I was interested in experimenting with WebGPU, and I really wanted to explore the ECS paradigm. Still, I wasn’t sure about committing to building a complete engine from scratch - it’s great to build something for the enjoyment of learning, but was I certain about committing thousands of hours of development over many years to build (yet another) esoteric hobby engine just for the sake of building one? I shelved these plans for the time moment and decided to spend some time reading around.

Back To The Building Blocks

It was around this time the White House Office of the National Cyber Director published Back to the Building Blocks: A Path Toward Secure and Measurable Software. The report describes an urgent need to address undiscov- wait a second, did the White House just publish a report recommending Rust? The Rustaceans danced in the streets! The C++ programmers wept. The time had finally come!
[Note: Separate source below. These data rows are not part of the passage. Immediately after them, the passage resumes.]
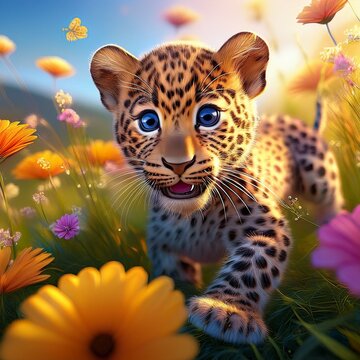 Niedliches Leopardebaby auf einer Blumenwiese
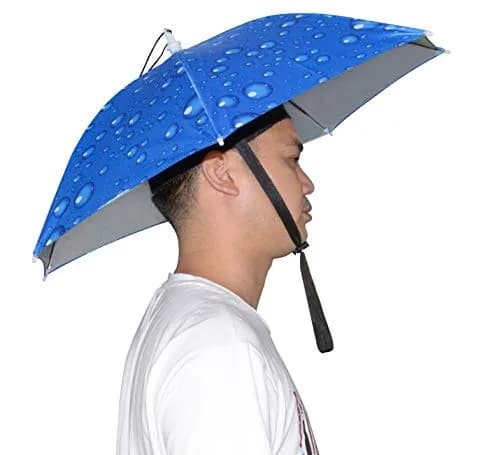 NEW-Vi Blue Umbrella Hat with Adjustable Headband | Hands-Free Sun & Rain Protection thumbnail 1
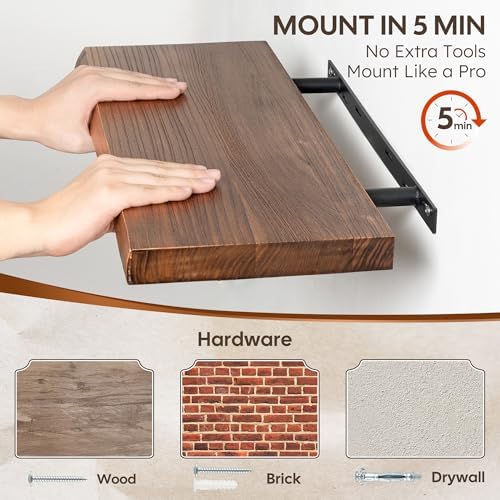 36" Live Edge Floating Shelves Set of 2, Solid Elm Wood, Vintage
Though not quite the dawn of a new era, appearing in a White House report was strong support, so it seemed as good a time as any to jump on the Rust train. I was going in circles on other projects, and learning about Rust’s famous memory safety could inform how I program in other languages. Learning never fails. I visited the Rust site and found their book, The Rust Programming Language - otherwise ominously referred to as “The Book” (and if you look a little deeper, there’s “The Rustonomicon” where they hide all the juicy information).

The Book is a concise overview of the major features of Rust, paired with bite-sized code snippets to demonstrate. I downloaded JetBrains’s RustRover Preview which feels very familiar after all the time spent with CLion. After going through the Book and writing this boids program (I’ll get there eventually), my first impressions are very positive. It’s easy to get started with Rust, and it has some great ideas to bring to the table.

Good

• The toolchain. rustup and cargo make project setup incredibly easy!
• The Book. Rust’s library of learning materials is excellent and highly accessible.
• Ergonomic standard library. Borrows good pieces from many modern languages.

Less Good

• Cumbersome function signature syntax. Did lifetimes need to look like that?
• Efficiency often necessitates violating memory safety with unsafe code.
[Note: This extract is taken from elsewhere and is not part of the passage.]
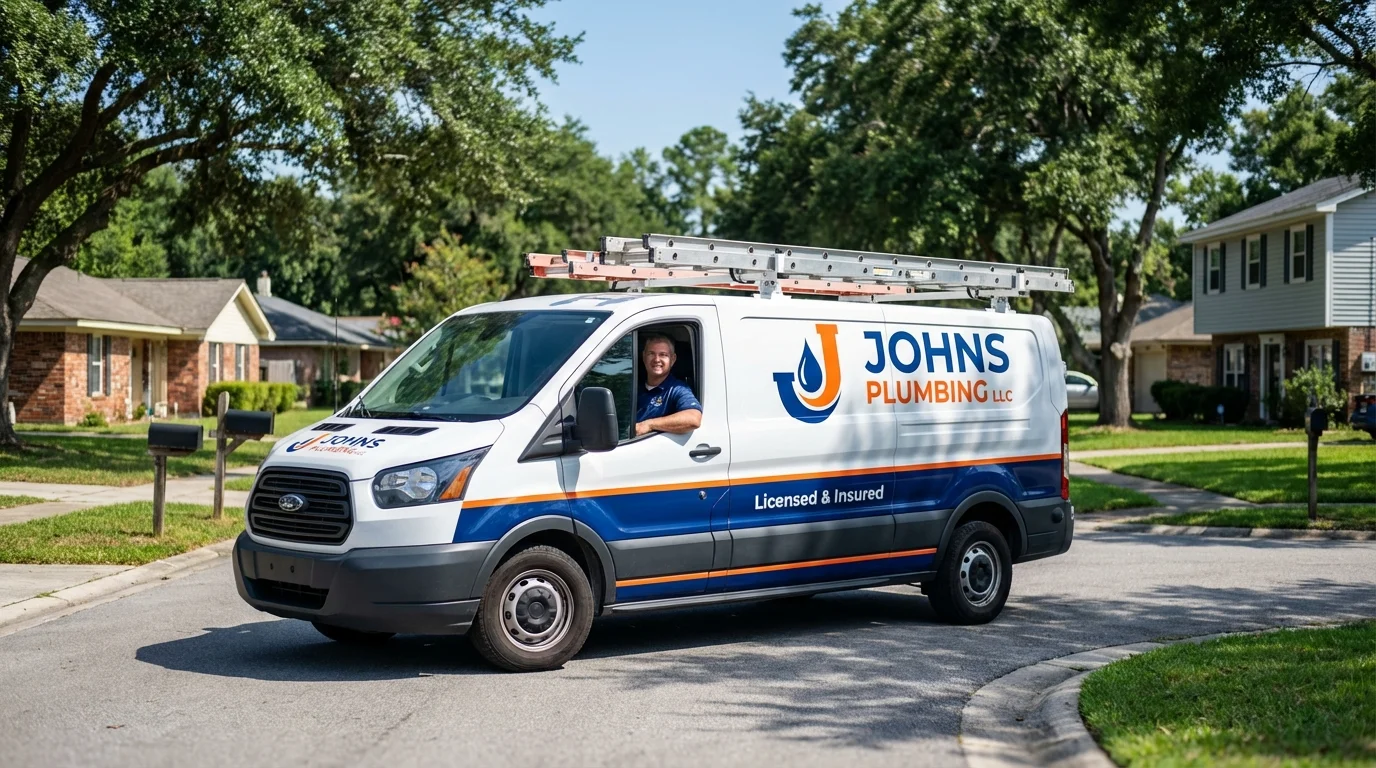 Johns Plumbing LLC service van in Friday Harbor, WA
Overall, I’m really enjoying writing Rust, and I can see why it’s so consistently loved. The syntax is expressive, there is a wealth of resources, the community is welcoming, and the tooling is excellent.
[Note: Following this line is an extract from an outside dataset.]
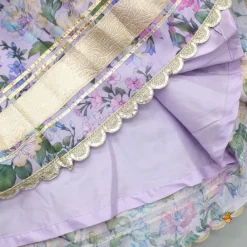 Clearance Lacework Detail Floral Printed Kurti And Lehenga Ethnic Wear | Lehengas & Ghagras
The Cathedral and the Bazaar

I’ll be honest, I can’t retrace my path to The Cathedral and the Bazaar. I was scrolling through Apache’s open source community guidelines in bed late one night and somehow ended up there, but now I can’t find it mentioned on a single Apache community page.

Some way or another, I ended up reading Eric S. Raymond’s 1997 essay on the Linux approach to open source, The Cathedral and the Bazaar. The essay contrasts two software development models - the Cathedral, where a small community of developers makes source available on each release, but development is otherwise opaque (Emacs, GCC) - and the Bazaar, where all development happens publicly (Linux). These comparisons are supported with the author’s personal experience applying the Bazaar development model to his own project, Fetchmail. It’s a mix of hacker philosophy and practical suggestions on cultivating community around an open source project. The veracity of the practical propositions are disputed, but I think the essay’s popularity indicates that something resonated with a lot of people at the time, so it’s an interesting peek into the movements that led to today’s software landscape.

The core ideas are around following your nose, surrounding yourself with fresh eyes that will provide new stimuli, and pushing out code with the assurance that you can’t get it right the first try. These spoke directly to my recent project rut - I was performing all my development in hermitage, emerging every few months to share a blog post or some screenshots on Discord for some scraps of feedback. I’ve been stuck in design paralysis for quite some time, going in circles weighing tradeoffs for largely aesthetic decisions. It’s inevitable that I’ll come back to these projects - I can’t leave them knocking around in the back of my mind forever! - but for now I’m excited to see what’s out there in open source.

Bevy

A couple weeks of learning Rust and sifting through 90’s wisdom had me feeling invigorated to see what open source game engines the Rust community was working on. By far the largest and most active project is Bevy, an open source ECS game engine with support for WebGPU and glTF. It supports all the features I aspired to in my hobby engine, and many more. The community is active and friendly, and there are many new features being worked on in the open. I was stoked, Bevy is exactly the kind of project I was hoping to find.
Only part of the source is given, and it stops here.